### Work to complete
After finding the line with "ISO7380 Button Hex" in the data below, set down exactly each line through the one with "Kutch handwoven merino", inclusive, and stop there.

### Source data
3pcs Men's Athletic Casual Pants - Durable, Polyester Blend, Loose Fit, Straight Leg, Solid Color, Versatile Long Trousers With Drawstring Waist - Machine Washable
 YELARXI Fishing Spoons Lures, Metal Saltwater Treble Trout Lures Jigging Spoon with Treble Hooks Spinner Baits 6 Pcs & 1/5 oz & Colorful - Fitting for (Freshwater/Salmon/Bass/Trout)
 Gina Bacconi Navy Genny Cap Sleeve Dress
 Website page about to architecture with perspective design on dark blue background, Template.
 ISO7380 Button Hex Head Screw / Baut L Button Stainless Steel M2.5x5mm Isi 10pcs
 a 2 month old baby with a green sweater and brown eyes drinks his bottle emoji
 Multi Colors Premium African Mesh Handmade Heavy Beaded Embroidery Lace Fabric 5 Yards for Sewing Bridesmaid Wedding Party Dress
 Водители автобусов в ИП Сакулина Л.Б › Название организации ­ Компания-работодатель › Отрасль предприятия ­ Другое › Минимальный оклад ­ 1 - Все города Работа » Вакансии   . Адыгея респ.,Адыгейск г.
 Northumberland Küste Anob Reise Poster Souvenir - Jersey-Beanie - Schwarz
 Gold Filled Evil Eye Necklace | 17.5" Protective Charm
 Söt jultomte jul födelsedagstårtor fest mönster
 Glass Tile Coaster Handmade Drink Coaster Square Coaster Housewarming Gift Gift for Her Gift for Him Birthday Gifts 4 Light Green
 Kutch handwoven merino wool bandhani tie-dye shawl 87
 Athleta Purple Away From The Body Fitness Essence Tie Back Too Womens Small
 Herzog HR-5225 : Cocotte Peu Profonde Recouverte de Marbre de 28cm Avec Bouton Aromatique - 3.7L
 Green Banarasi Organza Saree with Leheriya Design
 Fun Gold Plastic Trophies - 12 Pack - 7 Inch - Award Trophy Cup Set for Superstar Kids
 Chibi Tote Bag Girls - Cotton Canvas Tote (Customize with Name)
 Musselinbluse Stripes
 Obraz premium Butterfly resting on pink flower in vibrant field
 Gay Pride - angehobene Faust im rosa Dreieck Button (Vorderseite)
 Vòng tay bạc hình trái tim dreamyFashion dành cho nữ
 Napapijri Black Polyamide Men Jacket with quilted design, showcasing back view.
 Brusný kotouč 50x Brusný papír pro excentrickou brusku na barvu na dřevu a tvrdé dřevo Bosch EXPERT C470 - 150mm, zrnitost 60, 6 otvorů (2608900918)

### Result of the task
 ISO7380 Button Hex Head Screw / Baut L Button Stainless Steel M2.5x5mm Isi 10pcs
 a 2 month old baby with a green sweater and brown eyes drinks his bottle emoji
 Multi Colors Premium African Mesh Handmade Heavy Beaded Embroidery Lace Fabric 5 Yards for Sewing Bridesmaid Wedding Party Dress
 Водители автобусов в ИП Сакулина Л.Б › Название организации ­ Компания-работодатель › Отрасль предприятия ­ Другое › Минимальный оклад ­ 1 - Все города Работа » Вакансии   . Адыгея респ.,Адыгейск г.
 Northumberland Küste Anob Reise Poster Souvenir - Jersey-Beanie - Schwarz
 Gold Filled Evil Eye Necklace | 17.5" Protective Charm
 Söt jultomte jul födelsedagstårtor fest mönster
 Glass Tile Coaster Handmade Drink Coaster Square Coaster Housewarming Gift Gift for Her Gift for Him Birthday Gifts 4 Light Green
 Kutch handwoven merino wool bandhani tie-dye shawl 87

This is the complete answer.